START INFORMATION SUPPLIED

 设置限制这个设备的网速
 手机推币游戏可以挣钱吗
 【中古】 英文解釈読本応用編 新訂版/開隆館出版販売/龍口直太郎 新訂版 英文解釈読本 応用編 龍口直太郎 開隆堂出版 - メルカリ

END INFORMATION SUPPLIED

TASK PROMPT:
Exactly as written above, set down the whole listing again.

FINAL ANSWER:
 设置限制这个设备的网速
 手机推币游戏可以挣钱吗
 【中古】 英文解釈読本応用編 新訂版/開隆館出版販売/龍口直太郎 新訂版 英文解釈読本 応用編 龍口直太郎 開隆堂出版 - メルカリ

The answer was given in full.